From: Dev Jain <dev.jain@arm.com>
To: akpm@linux-foundation.org
Cc: ryan.roberts@arm.com, david@redhat.com, willy@infradead.org,
linux-mm@kvack.org, linux-kernel@vger.kernel.org,
catalin.marinas@arm.com, will@kernel.org,
Liam.Howlett@oracle.com, lorenzo.stoakes@oracle.com,
vbabka@suse.cz, jannh@google.com, anshuman.khandual@arm.com,
peterx@redhat.com, joey.gouly@arm.com, ioworker0@gmail.com,
baohua@kernel.org, kevin.brodsky@arm.com,
quic_zhenhuah@quicinc.com, christophe.leroy@csgroup.eu,
yangyicong@hisilicon.com, linux-arm-kernel@lists.infradead.org,
namit@vmware.com, hughd@google.com, yang@os.amperecomputing.com,
ziy@nvidia.com, Dev Jain <dev.jain@arm.com>
Subject: [PATCH v2 7/7] mm: Optimize mprotect() through PTE-batching
Date: Tue, 29 Apr 2025 10:53:36 +0530 [thread overview]
Message-ID: <20250429052336.18912-8-dev.jain@arm.com> (raw)
In-Reply-To: <20250429052336.18912-1-dev.jain@arm.com>
The common pte_present case does not require the folio. Elide the overhead of
vm_normal_folio() for the small folio case, by making an approximation:
for arm64, pte_batch_hint() is conclusive. For other arches, if the pfns
pointed to by the current and the next PTE are contiguous, check whether
a large folio is actually mapped, and only then make the batch optimization.
Reuse the folio from prot_numa case if possible. Since modify_prot_start_ptes()
gathers access/dirty bits, it lets us batch around pte_needs_flush()
(for parisc, the definition includes the access bit).
Signed-off-by: Dev Jain <dev.jain@arm.com>
---
mm/mprotect.c | 49 +++++++++++++++++++++++++++++++++++--------------
1 file changed, 35 insertions(+), 14 deletions(-)
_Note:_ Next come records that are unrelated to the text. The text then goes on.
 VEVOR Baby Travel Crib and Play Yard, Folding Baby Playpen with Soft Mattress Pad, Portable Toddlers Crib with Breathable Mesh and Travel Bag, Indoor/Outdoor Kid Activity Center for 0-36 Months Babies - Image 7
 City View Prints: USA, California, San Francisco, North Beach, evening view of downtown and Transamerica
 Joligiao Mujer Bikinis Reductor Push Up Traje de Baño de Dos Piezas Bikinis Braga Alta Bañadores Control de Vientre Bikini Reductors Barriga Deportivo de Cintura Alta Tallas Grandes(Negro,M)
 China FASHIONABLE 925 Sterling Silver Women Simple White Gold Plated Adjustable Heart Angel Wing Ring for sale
diff --git a/mm/mprotect.c b/mm/mprotect.c
index baff009fc981..f8382806611f 100644
--- a/mm/mprotect.c
+++ b/mm/mprotect.c
@@ -129,7 +129,7 @@ static bool prot_numa_skip(struct vm_area_struct *vma, struct folio *folio,
return false;
}
-static bool prot_numa_avoid_fault(struct vm_area_struct *vma,
+static struct folio *prot_numa_avoid_fault(struct vm_area_struct *vma,
unsigned long addr, pte_t *pte, pte_t oldpte, int target_node,
int max_nr, int *nr)
{
@@ -139,25 +139,37 @@ static bool prot_numa_avoid_fault(struct vm_area_struct *vma,
/* Avoid TLB flush if possible */
if (pte_protnone(oldpte))
- return true;
+ return NULL;
folio = vm_normal_folio(vma, addr, oldpte);
if (!folio)
- return true;
+ return NULL;
ret = prot_numa_skip(vma, folio, target_node);
if (ret) {
if (folio_test_large(folio) && max_nr != 1)
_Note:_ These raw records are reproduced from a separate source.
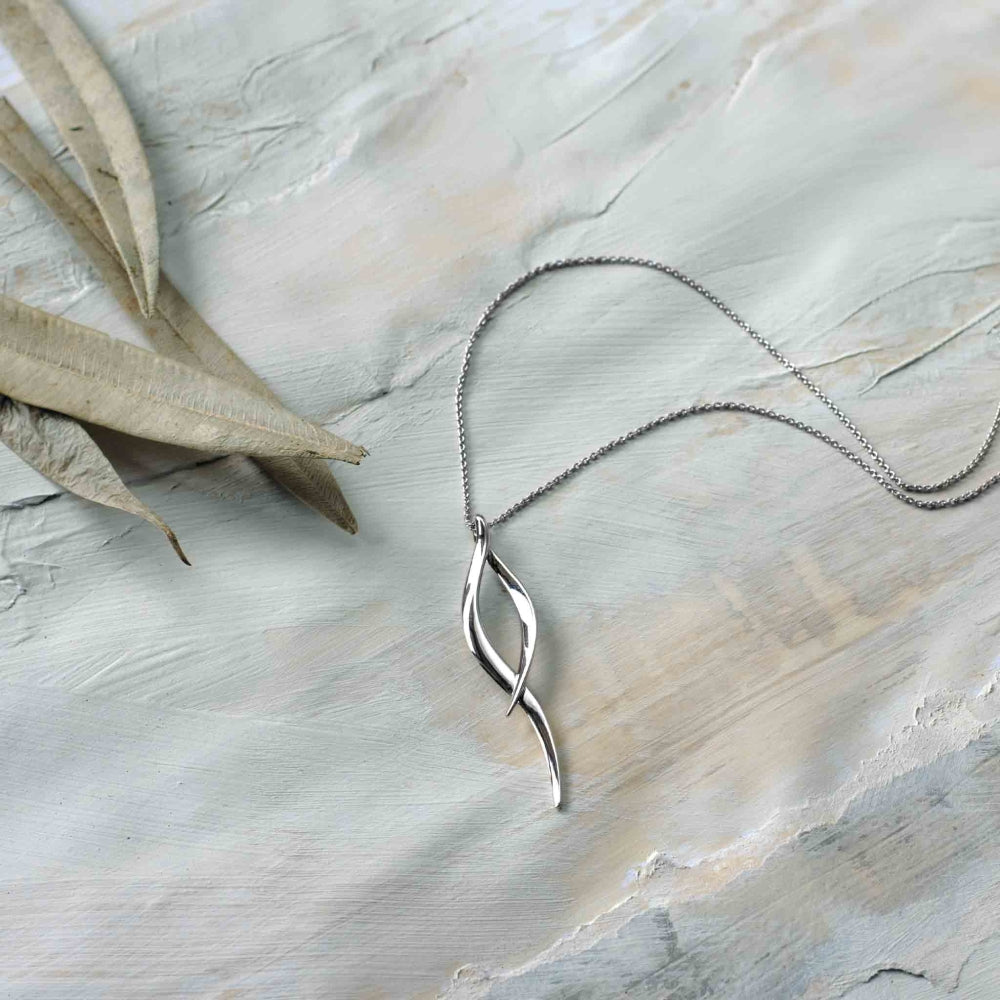 Kit Heath Twist Pendant in Sterling Silver front view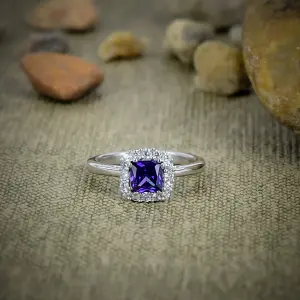Natural Amethyst Statement Ring in 925 Sterling Silver by Nakshmart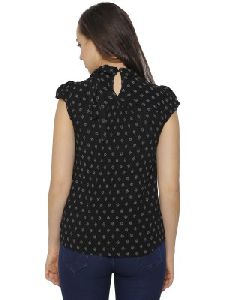 Printed Collar Top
*nr = folio_pte_batch(folio, addr, pte, oldpte,
max_nr, flags, NULL, NULL, NULL);
- return ret;
+ return NULL;
}
if (folio_use_access_time(folio))
folio_xchg_access_time(folio,
jiffies_to_msecs(jiffies));
- return false;
+ return folio;
}
+static bool maybe_contiguous_pte_pfns(pte_t *ptep, pte_t pte)
+{
+ pte_t *next_ptep, next_pte;
+
+ if (pte_batch_hint(ptep, pte) != 1)
+ return true;
+
+ next_ptep = ptep + 1;
+ next_pte = ptep_get(next_ptep);
+
+ return unlikely(pte_pfn(next_pte) - pte_pfn(pte) == PAGE_SIZE);
+}
static long change_pte_range(struct mmu_gather *tlb,
struct vm_area_struct *vma, pmd_t *pmd, unsigned long addr,
unsigned long end, pgprot_t newprot, unsigned long cp_flags)
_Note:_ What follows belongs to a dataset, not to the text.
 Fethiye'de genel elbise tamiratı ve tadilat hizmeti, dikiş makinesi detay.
@@ -188,19 +200,28 @@ static long change_pte_range(struct mmu_gather *tlb,
oldpte = ptep_get(pte);
if (pte_present(oldpte)) {
int max_nr = (end - addr) >> PAGE_SHIFT;
+ const fpb_t flags = FPB_IGNORE_DIRTY;
+ struct folio *folio = NULL;
pte_t ptent;
/*
* Avoid trapping faults against the zero or KSM
* pages. See similar comment in change_huge_pmd.
*/
- if (prot_numa &&
- prot_numa_avoid_fault(vma, addr, pte,
- oldpte, target_node,
- max_nr, &nr))
+ if (prot_numa) {
+ folio = prot_numa_avoid_fault(vma, addr, pte,
+ oldpte, target_node, max_nr, &nr);
+ if (!folio)
continue;
+ }
- oldpte = ptep_modify_prot_start(vma, addr, pte);
+ if (!folio && (max_nr != 1) && maybe_contiguous_pte_pfns(pte, oldpte)) {
+ folio = vm_normal_folio(vma, addr, oldpte);
+ if (folio_test_large(folio))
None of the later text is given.